Before you can sign the contract, you will need to reveal everything about the property which may have a bearing on the buyer’s decision. You will need to tell him or her about any leakages or damages that are present in the property. What is the surrounding environment? Is there a termite infestation or any other pests? If there is a state of disrepair, how much? All this information will be disclosed in the “Confirmation Note of Inspection of the Premise” 物件状況等報告書.

There is another document that is called “List of Facilities” 付帯設備表in which you will mention in case there are any defects or malfunctions in the amenities including kitchen, bathroom, air conditioning and water heaters (and other fittings).

The contract between you and the buyer will be legally binding once both the party agree to the conditions and the buyer submits the down payment to you. You cannot violate the contract now and any sort of diversions may invite penalties.

These are the things you may require to have on the transaction date:

  • Property registration certificate.
  • Jitsuin, which is an officially registered seal (if you are selling your real estate property in Japan as a foreigner and you don’t have such a seal, you can substitute it with a registered signature).
  • An original copy of the seal registration certificate (mustn’t be older than 3 months).
  • Stamp duty.
  • A photocopy of your identification proof that can be your passport or your driver’s license.
  • List of facilities in the property.
  • Confirmation Note of Inspection of the Premise

Final formalities

The final stage involves moving out and handing over the keys to the property to the seller. Of course, before that, the buyer needs to settle the balance amount. You may also like to make sure that no unnecessary items are left on the premise and you have paid off all the management fee, repair reserve funds, and parking fee(for an apartment ).

Also, if some portion of the mortgage remains to be paid, it is necessary to pay it in lump sum when you get the balance from your buyer.

Listed below are the final stages of the process of selling real estate property in Japan:

  • All the necessary documents are checked and verified by a judicial scrivener – these documents are needed for the “Registration of Ownership Transfer” Item-touki 移転登記.
  • The buyer pays a final settlement. Once the payment is settled, a final checkup and verification that the mortgage has been paid is conducted, most probably by the judicial scrivener.
  • Up till the day of the delivery, as the previous owner you are responsible for settling all the fixed asset taxes and any other property management fees (for example, in the case of an apartment).
  • Once a final payment has been made, you need to hand over all the concerned keys.
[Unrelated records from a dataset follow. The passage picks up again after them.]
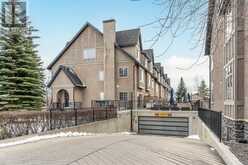 18, 11 Scarpe Drive SW Calgary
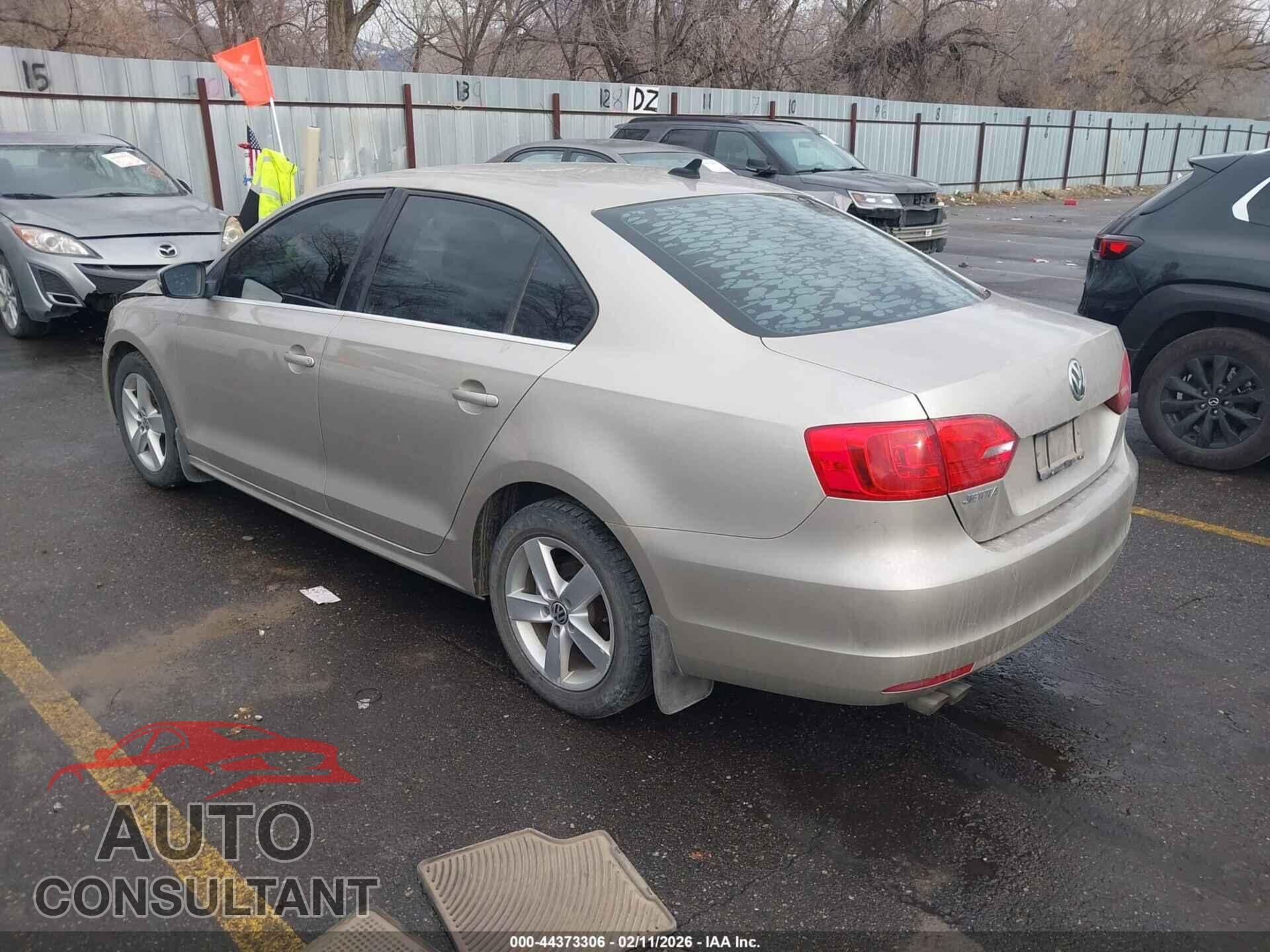 VOLKSWAGEN JETTA 2013 - 3VWLL7AJ2DM205355
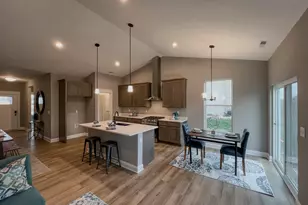 152 S Llanos St, Cortland, IL 60112 - Photo 3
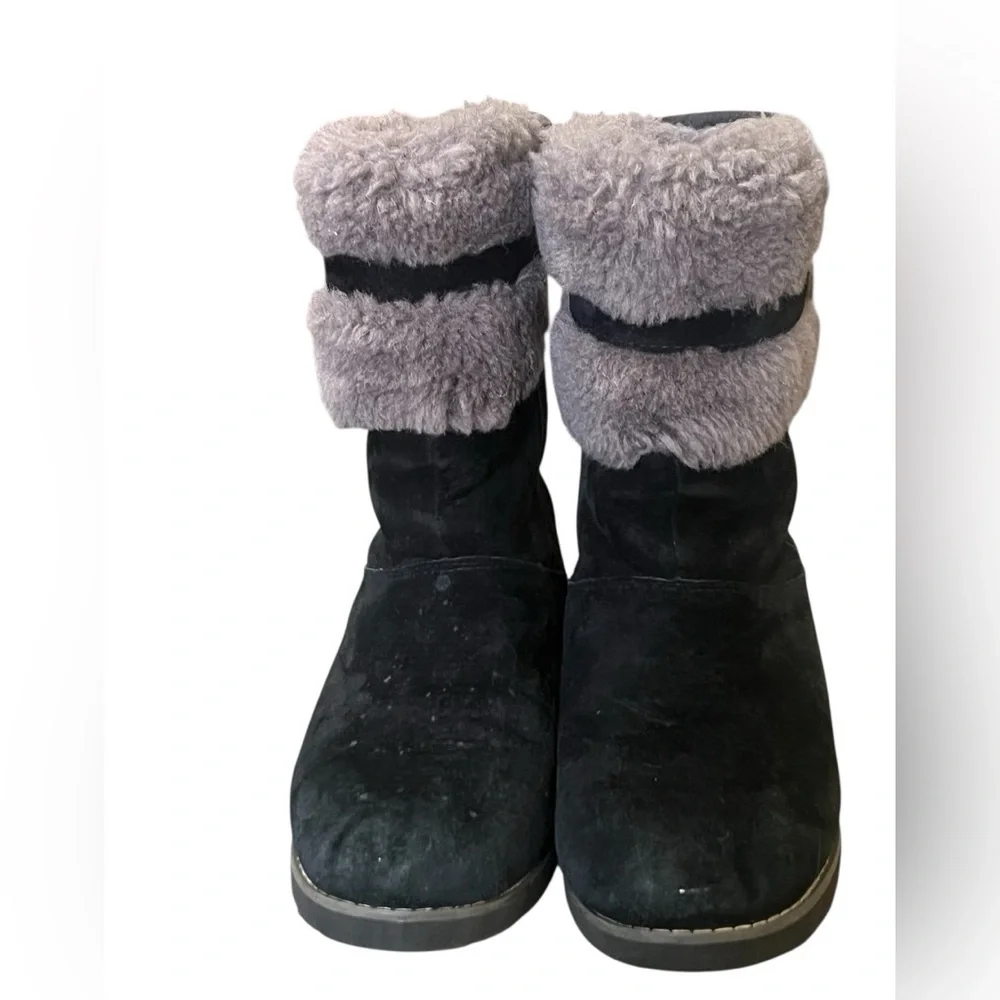 Ugg Skylir black suede shearling lined winter boots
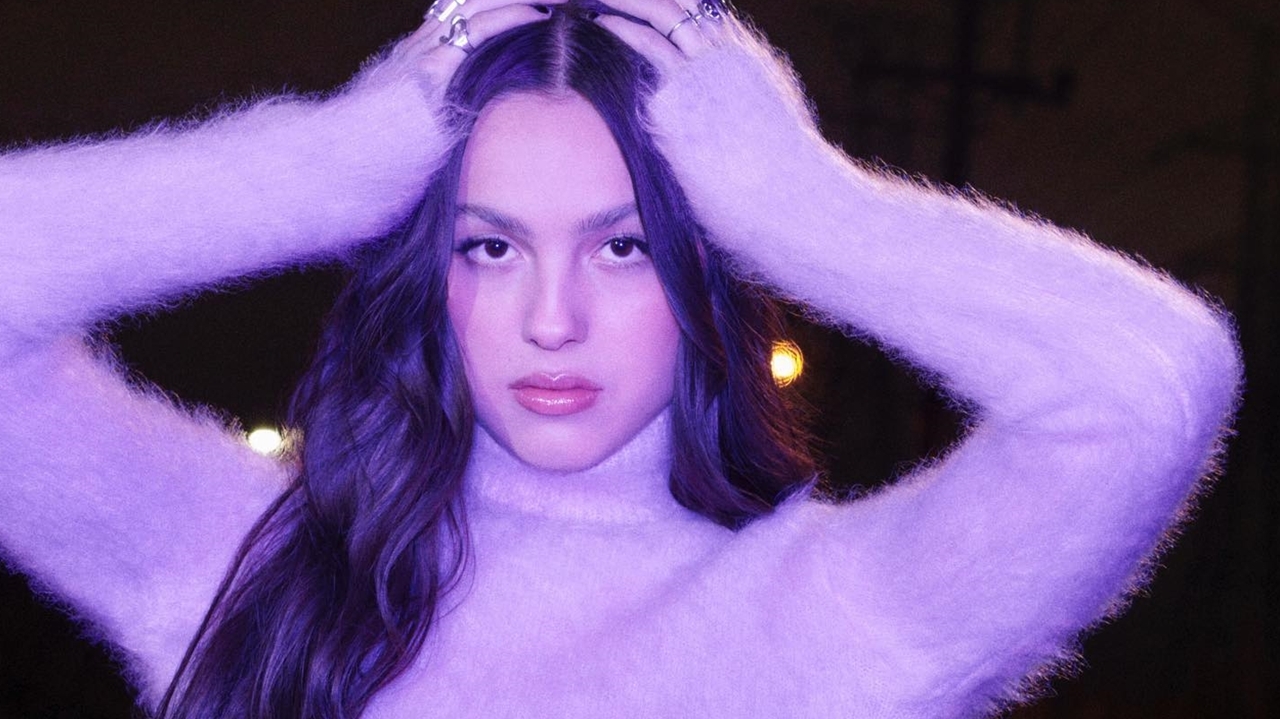 “Guts” novo álbum de Olivia Rodrigo é aclamado pela crítica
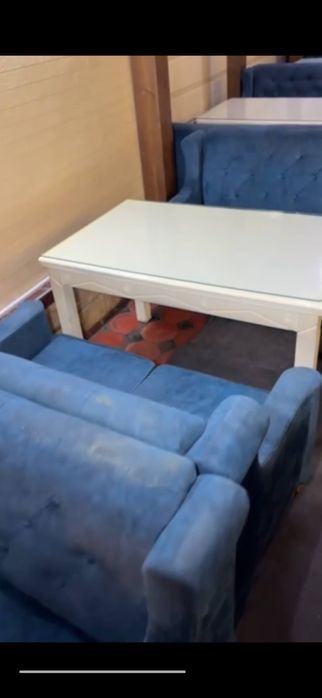 Продается стол и диван 6 комлект ( 12дивана 6 стола )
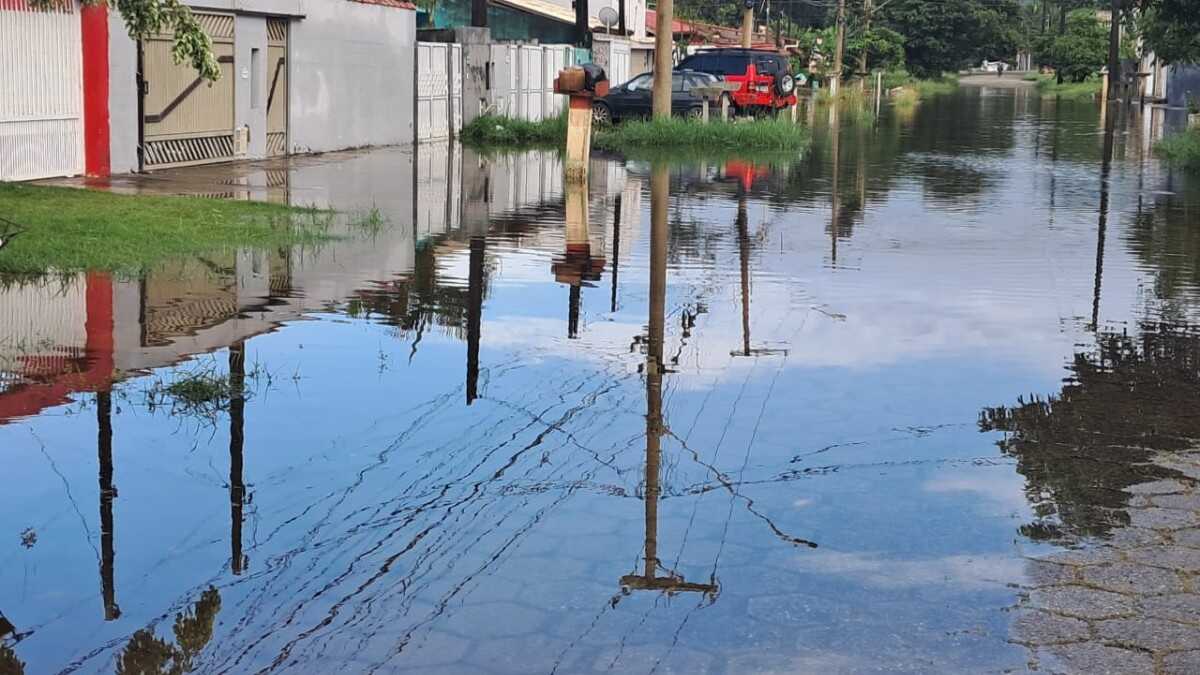Chuvas históricas em Peruíbe: moradores retornam às casas após período de alagamentos
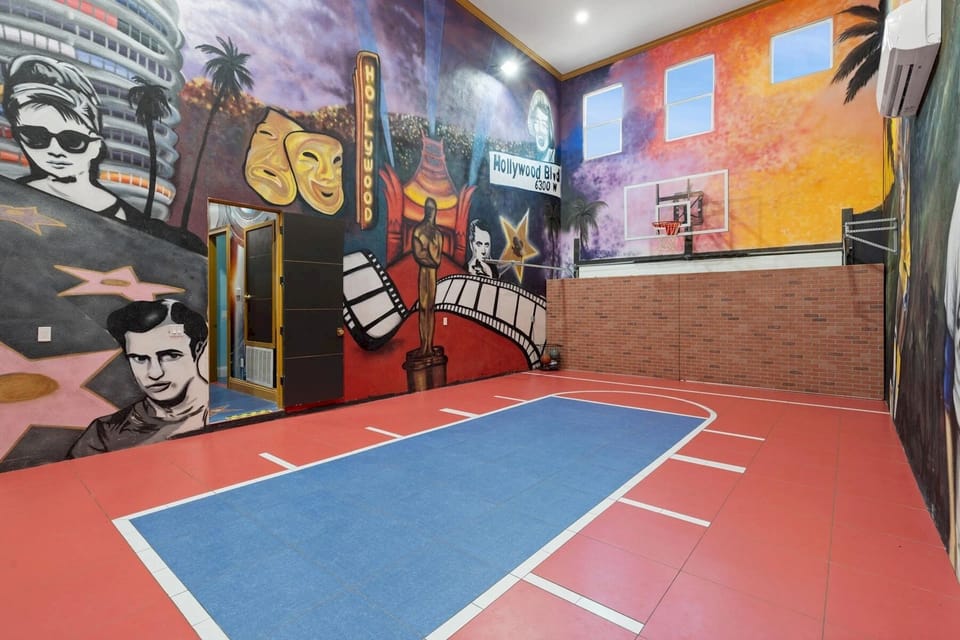 Sport court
For example, keys to the main entrance, backdoor, garage door (including the remote, if applicable), cupboards and lockers and bathroom and kitchen doors.
  • Both you and the seller then sign the “Delivery Confirmation” and exchange signed copies, confirming that the process of selling the property has culminated.
  • You make the payments to the real estate agent and a commission fee to the judicial scrivener. This completes the process of selling property in Japan.

The final items needed for settling the remaining balance may include:

  • Property registration certificate
  • The officially registered seal.
  • The original copy of seal registration certificate (issued within 3 months).
  • Tax certificate.
  • Agent commission and the judicial scrivener commission.
  • Registration fees for registration of change of residence and, if applicable, registration of mortgage disposition.
  • Different keys to the property.
  • Other documents pertaining to the property such as management regulations, manuals and instruction sets.